Evol Ecol Res 2: 3-14 (2000)     Full PDF if your library subscribes.

The selection of social actions in families: I. A collective fitness approach

David G. Lloyd

Department of Plant and Microbial Sciences, University of Canterbury, Christchurch, New Zealand


Here I analyse the basic properties of relatedness, inclusive fitness and kin selection, and derive alternative ways of formulating the selection of social behaviours. In particular, a ‘collective fitness’ rule is sought, which determines the direction of selection on a gene in terms of the effect an act has on the fitness of various individuals in a population, and the number of copies of the ‘action’ allele in various individuals in the population. The use of collective fitness allows for all the simplifications in kin-selection explanations of social behaviour that use inclusive fitness.

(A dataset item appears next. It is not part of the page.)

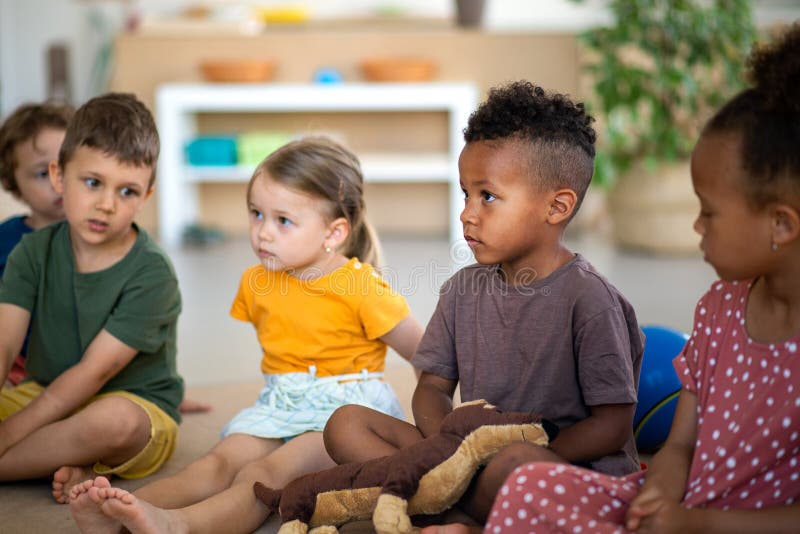 Group Of Small Nursery School Children Sitting On Floor Indoors In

In addition, it covers analyses of social behaviours in which factors other than kinship influence the distribution of genes in interacting individuals, without invoking an open-ended expansion of the concept of ‘relatedness’. The treatment of social actions ends with a discussion of how far the concepts of relatedness, inclusive fitness and kin selection should be extended when factors other than kinship contribute to the distribution of genes to actors and recipients.

Keywords: collective fitness, inclusive fitness, kin selection, relatedness, social behaviour.